So I’ve been researching gun oils lately.
It started with gunsmith Grant Cunningham has advice on gun oils and lubricants. One of his recommendations is Dexron-type automatic transmission fluid, available for a few dollars at auto parts stores. His favorite is something that isn’t considered a gun lube at all – Lubriplate “SFL” NLGI #0 grease, which is used in the food service industry for machines that come into contact with food. I did notice he claimed poor corrosion resistance for WD-40, which did well in the some of the tests I found.
And here are those tests.
Brownell’s – Birchwood Casey Sheath, Boeshield T-9, Break-Free LP, Break-Free Weapon Wipes, Brownells Cosmoline, Brownells Rust Preventive No. 2, Hoppe’s Lubricating Oil, Rig Universal Grease, Tetra Gun Lubricant, Valvoline 5W-30, and WD-40.
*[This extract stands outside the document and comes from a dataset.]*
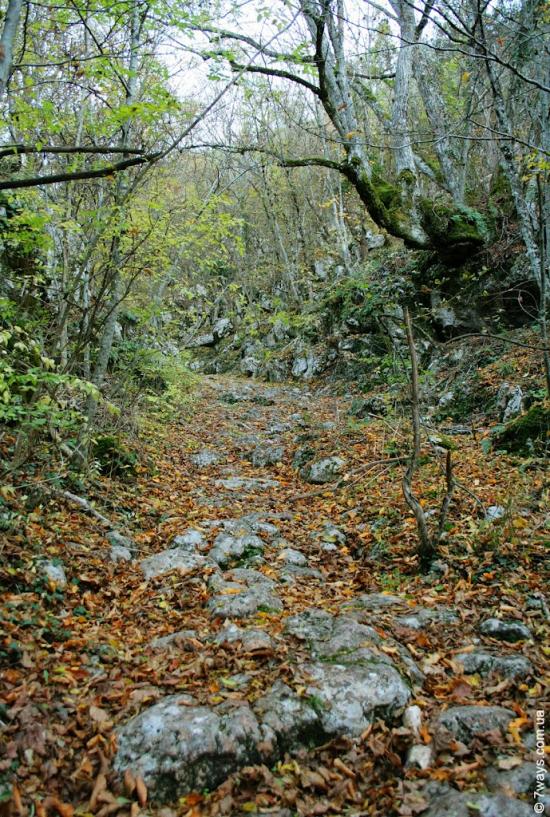 Колхозне з panoramio.com - Колхозное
6mmBR.com – FP10, Corrosion-X, Eezox, BreakFree CLP, Strike-Hold, Rem-Oil, Slip2000, Mobil-1 15W50
The Gun Zone – Kleen Bore TW25-B, Break Free CLP, Break Free LP, Shooter’s Choice Rust Prevent, Birchwood-Casey Sheath, Remington RemOil, Eezox, WD-40, Kano Kroil, 3-in-One Household Oil, Sandaro Industries’ Bore Cote, Miltec-1, Sandaro Industries’ Arms Cote
Those tests are pretty harsh. They use raw, untreated steel (or nails in The Gun Zone test) exposed to water and even saltwater. Some highlights:
Boeshield T-9 – Based on Brownell’s test I’d be inclined to use Boeshield T-9 in a saltwater environment.
Hoppe’s Lubricating Oil – Very poor rust inhibitor in the Brownell’s and Gun Zone tests.
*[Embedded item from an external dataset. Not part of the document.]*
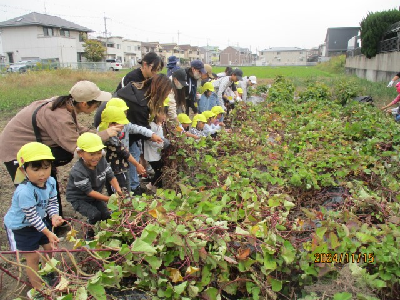 芋ほりをする親子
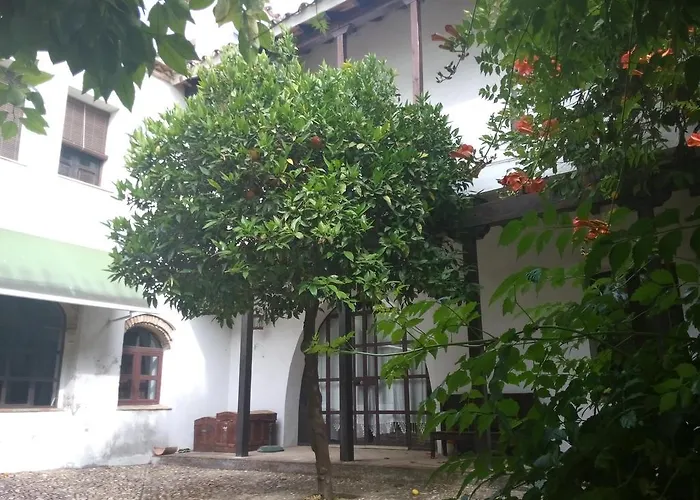 Patio Del Limonero Apartment Córdoba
WD40 – WD40 did well as a rust preventer, but it’s not a very good or long-lasting lubricant. Also, as WD-40 dries it leaves behind a residue, so if you use it wipe off any excess and don’t spray it inside the gun where a buildup could cause problems. That means you’ll need another product besides WD40 to use internally, in addition to a cleaning agent like Hoppes #9 solvent. It is a good thing to know if your gun gets soaked and you want something to displace the water (the WD stands for water displacement) and protect it from rust until you get home and clean it.
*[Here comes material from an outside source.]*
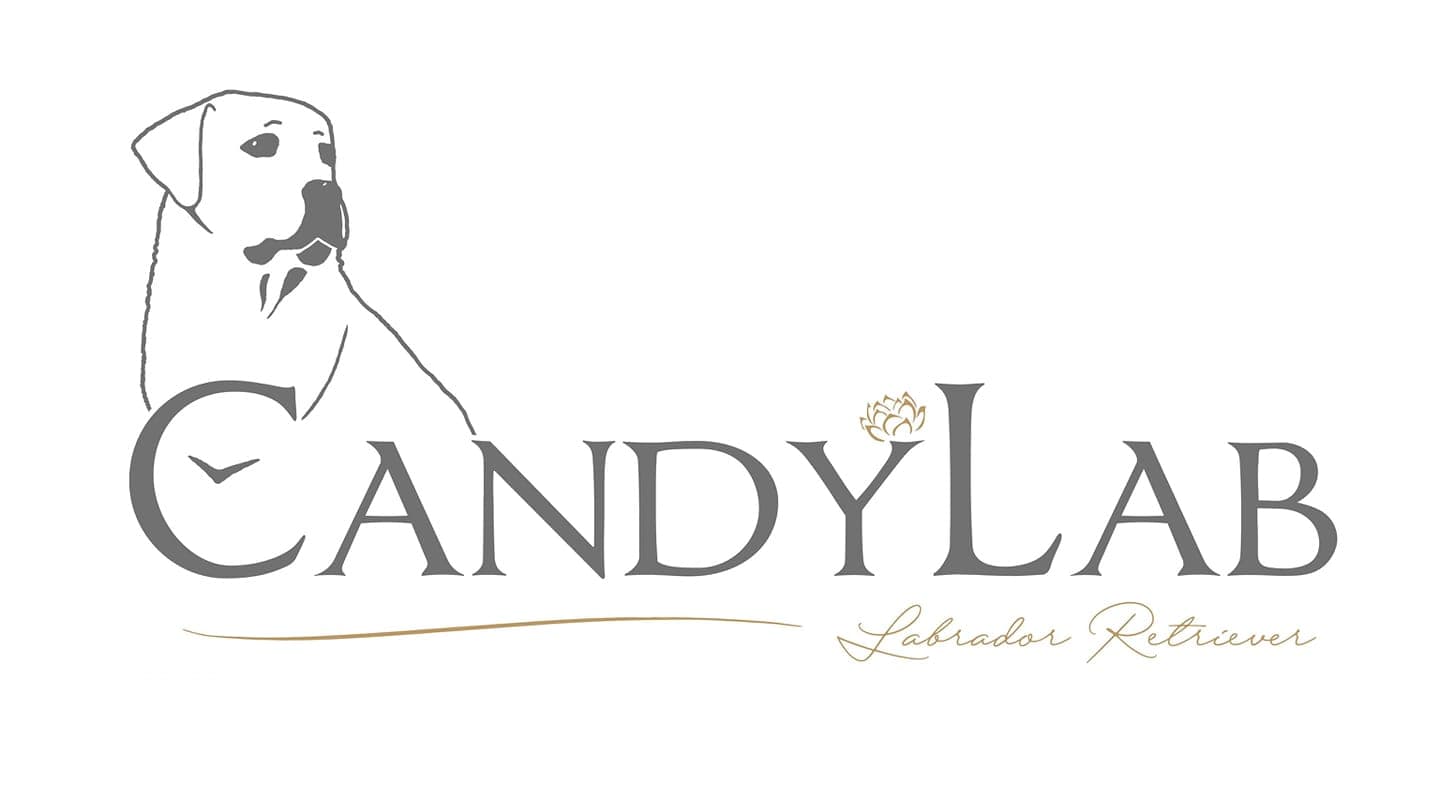 CandyLab logo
Breakfree CLP – Me, I use Breakfree CLP nine times out of 10. It’s a cleaner, lubricant and preservative (hence CLP) so I use it for everything: cleaning and protecting the bore, lubricating and protecting internal parts, and wiping down the outside of the gun. It’s available everywhere guns are sold, comes in several spraycan sizes or a bottle small enough to fit in my range bag, and the price is reasonable. Breakfree CLP contains Teflon particles for lubrication. According to the instructions you should shake the container before use to suspend the Teflon. CLP did very well in the tests for rust protection (though not as well in Brownell’s test, for some reason), so I don’t see any reason to buy anything else for routine use.